Cox pojawił się na zeszłorocznym wyścigu Extreme E w Sardynii, gdzie sam okrążył tor, a następnie zagrał spontanicznego seta. Seria tak się mu spodobała, że kilka tygodni później zaczął planować dołączenie z własnym zespołem wyścigowym.
Jestem tutaj, aby coś zmienić. Możliwość bycia częścią czegoś tak dynamicznego na czterech kołach to spełnienie marzeń.
Wyścigi, podobnie jak muzykę, mam we krwi i mam zamiar wnieść do tej serii swoją pasję i energię, tworząc coś wyjątkowego.

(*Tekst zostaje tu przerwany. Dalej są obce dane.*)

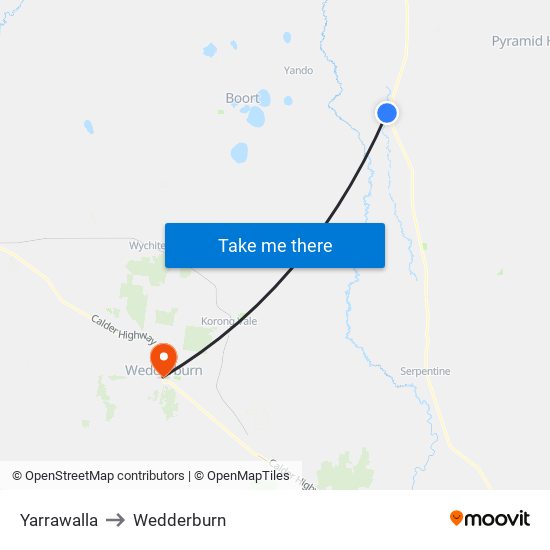 Yarrawalla to Wedderburn map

Uczestnictwo w wyścigach elektrycznych jest dla mnie nowością, ale szybko się uczę i wniosę swoją ciężko zdobytą wiedzę i doświadczenie do Extreme E. Carl Cox Motorsports jest tutaj, aby przyjąć wszystkich chętnych i zamierzamy od razu wskoczyć na głęboką wodę. Jesteśmy tu, aby wygrać.
Carl Cox
Zadanie nie będzie łatwe. W serii weźmie udział sporo zespołów, w tym te kierowane przez Nico Rosberga, Jensona Buttona czy Lewisa Hamiltona – czyli dotychczasowych mistrzów świata Formuły 1. Życzymy jednak Carlowi i jego kierowcom (których skład poznamy wkrótce) równie dużych sukcesów, co za DJką!